The Energy Department and the IRS chose two integrated gasification
combined-cycle plants that will run on the bituminous coal found in Appalachia
-- the 795-MW Duke Energy plant in Edwardsport, Indiana, and the 630-MW Tampa
Electric-proposed Polk 6 plant in the Orlando, Florida, area. Both companies
will get $133.5 million for the projects, as will Southern Company's
Mississippi Power for a 700-MW lignite-powered IGCC unit in Kemper County,
Mississippi.
Duke will also get $125 million for the 1,600-MW advanced-coal Cliffside
modernization projects in Cleveland and Rutherford counties, North Carolina,
as will LG&E Energy parent E.ON US for the 750-MW Trimble County 2 advanced
supercritical pulverized-coal plant in Bedford, Kentucky.

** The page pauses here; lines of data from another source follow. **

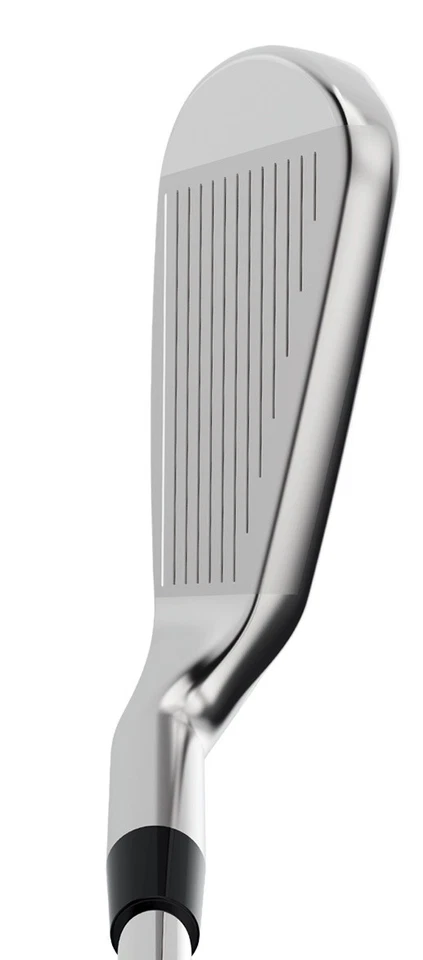 New Tour Edge Golf LH Hot Launch E525 Iron 5-PW/AW Senior Flex Graphite [Mamiya - Image 3 of 4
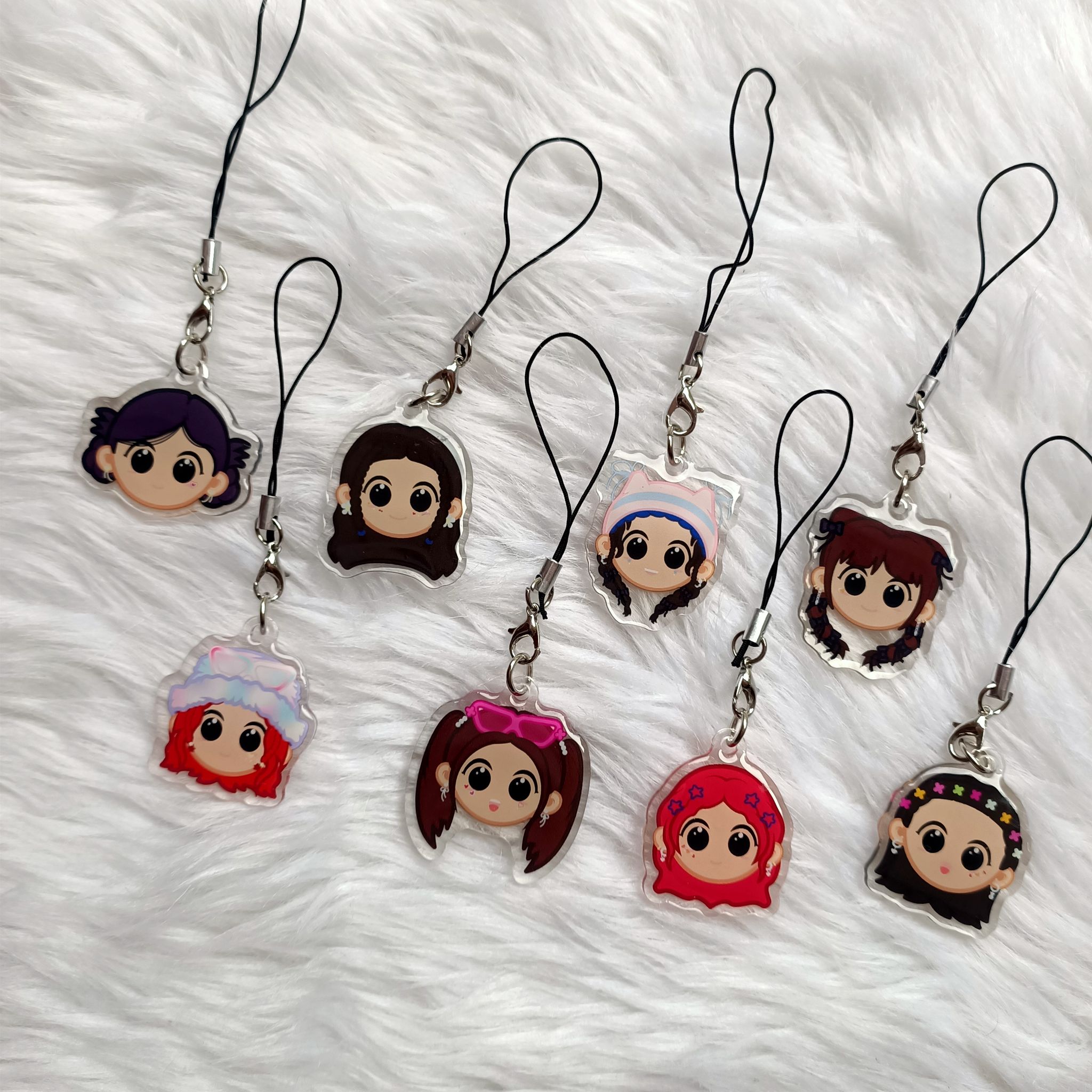 BINI Phone Charms_0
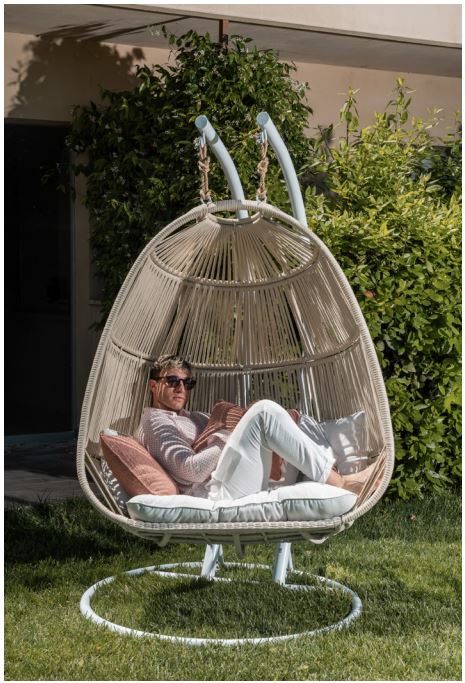 Poltrona Dondolo Virgo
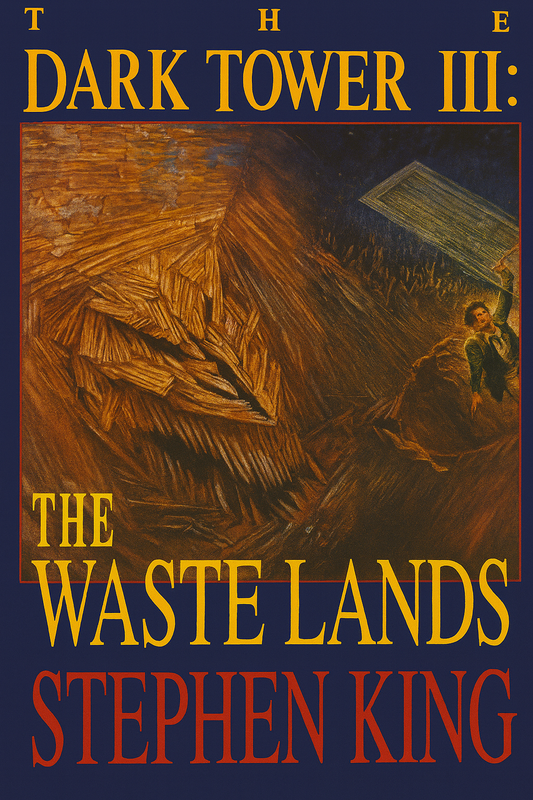 the Dark Tower 3 The Waste Lands 1991 by Stephen King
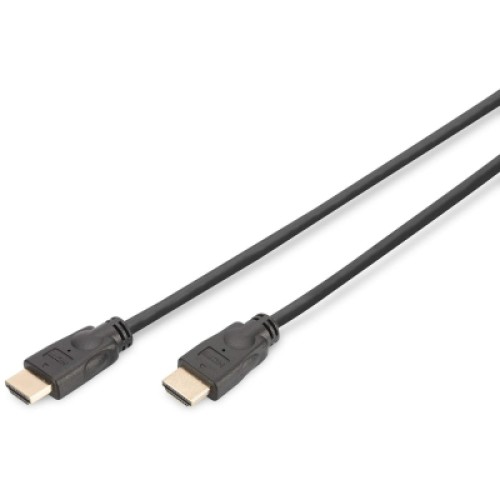 Кабель мультимедийный HDMI M to HDMI M 5.0m 4K60Hz Ethernet black Digitus (DK-330123-050-S) Кабель мультимедийный HDMI M to HDMI M 5.0m 4K60Hz Ethernet black Digitus (DK-330123-050-S)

In addition, the departments awarded $350 million to be shared among four
gasification projects in which the gas is used in other applications than
electricity production, but only named two recipients: California-based Carson
Hydrogen Power in Carson, California, and TXU Energy's Longview Gasification
and Refueling Project in Longview, Texas. The other two recipients chose not
to disclose their award, which is their right under the tax code, Bodman said.
To retain the assistance, the nine projects need to obtain permits in two
years and be built within seven years.
The IGCC projects could help plants reach 60% efficiency rates, up from about
35% today, saving coal and helping address global warming, Bodman said.
DOE seeking to change EPAct
DOE said it would work with Congress to amend the tax program, established in
EPAct 2005, to help companies wanting to use subbituminous coal to qualify for
some of the $650 million still to be allocated. The law said the plants had to
be able to remove 99% of its sulfur dioxide emissions, a difficult task when
using low-sulfur subbituminous coal, which makes up the bulk of the supply in
the prolific Powder River Basin.
The subbituminous type provided 46% of the coal used in power plants last
year, according to the Energy Information Administration, with bituminous
contributing 46%, and the remainder coming from lignite and waste coal.
The IRS received applications from 49 companies seeking help for projects
worth a total of $58 billion. The agency is now accepting applications for the
remaining $650 million. It said $267 million will be available for IGCC
subbituminous projects, contingent upon changes to the SO2 removal
requirement; $133 million for lignite-powered IGCC plants; and $250 million
for an advanced coal plant that does not use gasification technology.